> _PROBLEM TO WORK ON_: Each line below is to be copied exactly; images do not go into the copy.

> _COLLECTED DATA_:
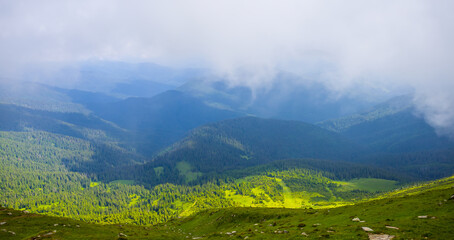 green fir forest in misty mountain valley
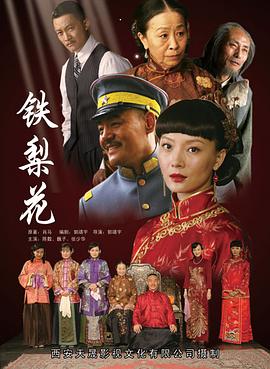铁梨花[电影解说]海报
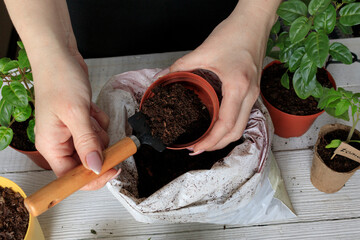 Close-up of female hands with a spatula grount in a pot with soil, Planting flowers in the ground.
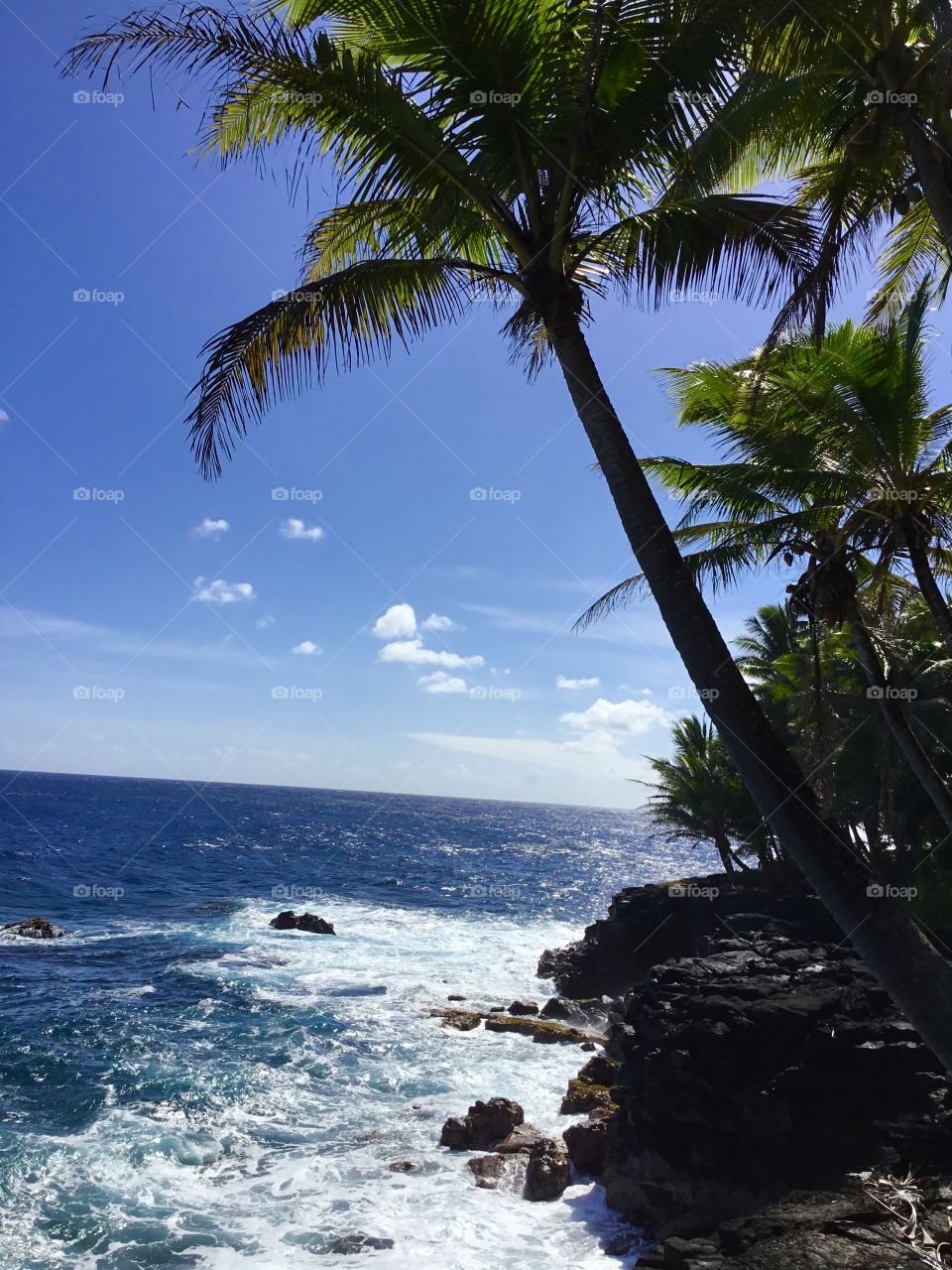 Bright sunny day in Hawaii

> _ANSWER FOR THE TASK_:
 green fir forest in misty mountain valley
铁梨花[电影解说]海报
 Close-up of female hands with a spatula grount in a pot with soil, Planting flowers in the ground.
 Bright sunny day in Hawaii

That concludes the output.